## Your objective
Quote only the lines that start at the line with "Jamal Labed, prsident de l'Afdel" and run to the end of the entries; omit the pictures.

(Dataset entries)

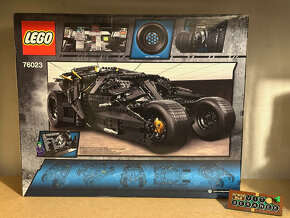 LEGO Batman 76023 - nové - 2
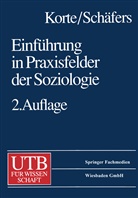 Herman Korte, Hermann Korte - Einführung in Praxisfelder der Soziologie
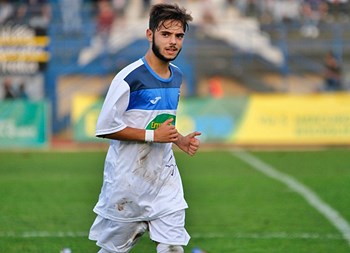 Canosa Calcio scatenato sul mercato: è fatta anche per Antonio Petitti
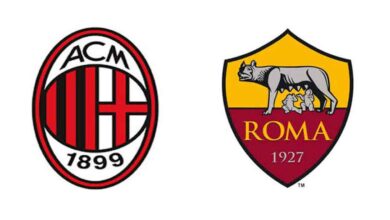 AC Milan vs Roma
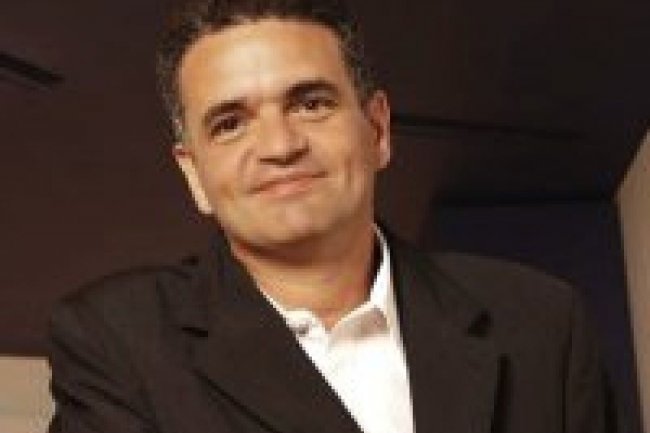 Jamal Labed, prsident de l'Afdel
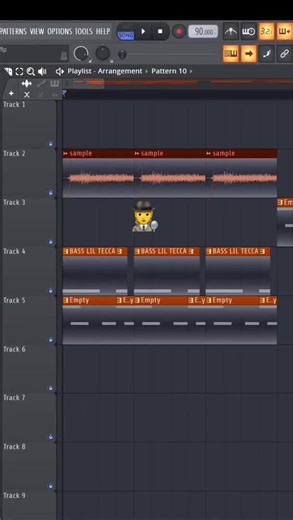 #flstudio #beat #sample #sax #bass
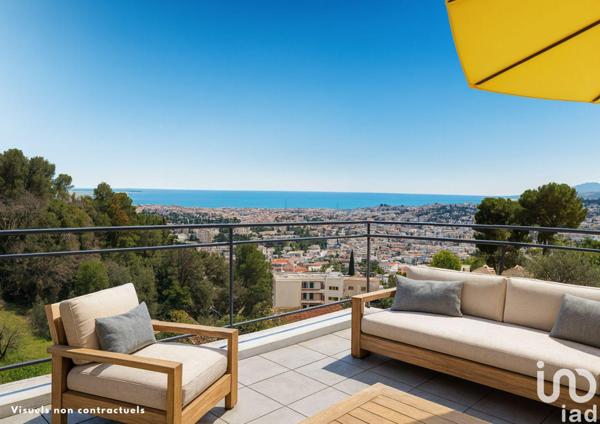 Appartement à vendre 5 pièces 158 m² Le Cannet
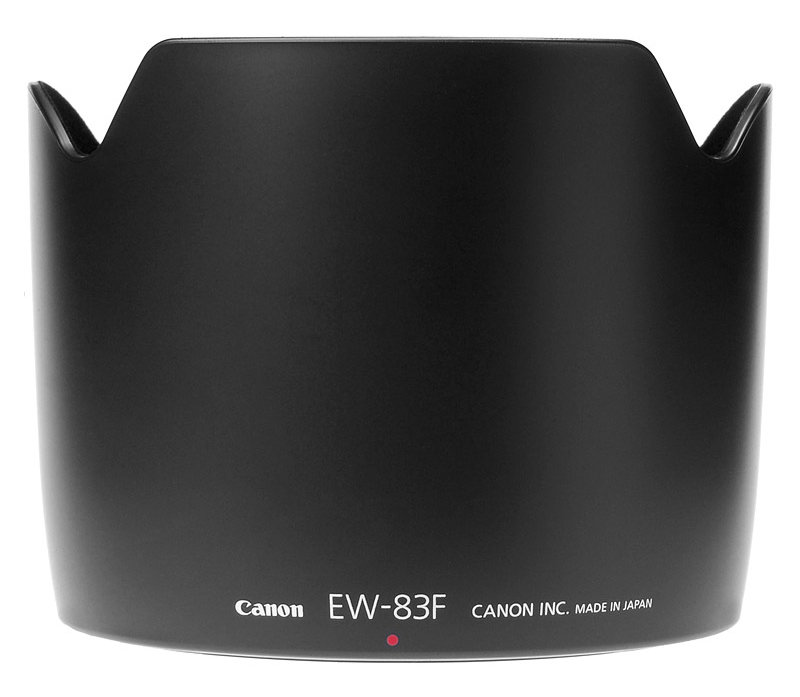 Canon EW-83F Slnečná clona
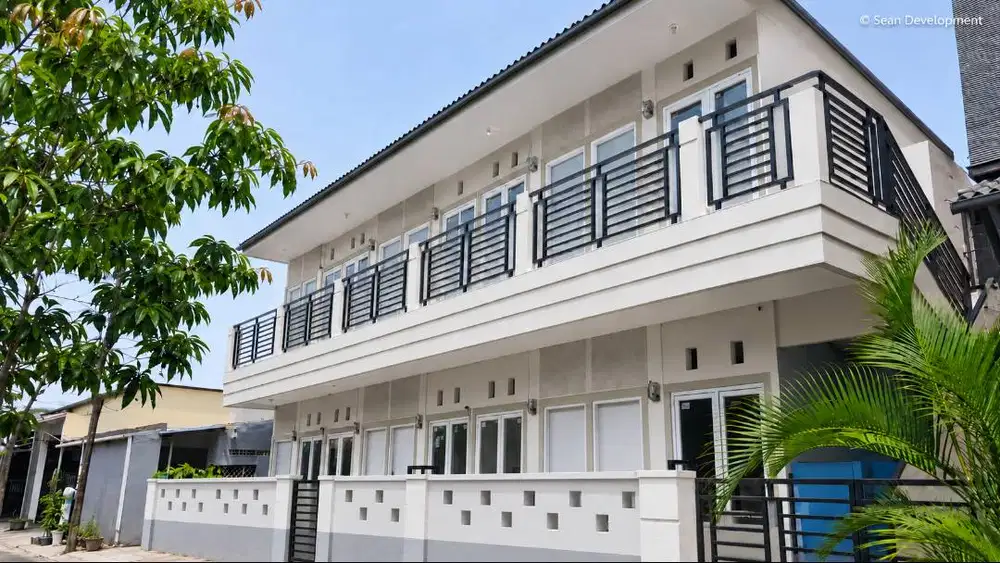 Disewakan Kontrakan di Perumnas Bekasi - 3 Petak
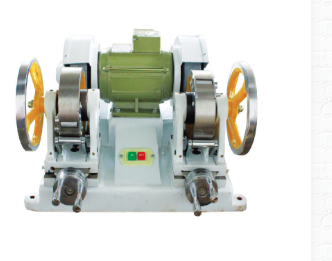 Double head grinding machine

## Answer to this problem
 Jamal Labed, prsident de l'Afdel
 #flstudio #beat #sample #sax #bass
 Appartement à vendre 5 pièces 158 m² Le Cannet
 Canon EW-83F Slnečná clona
 Disewakan Kontrakan di Perumnas Bekasi - 3 Petak
 Double head grinding machine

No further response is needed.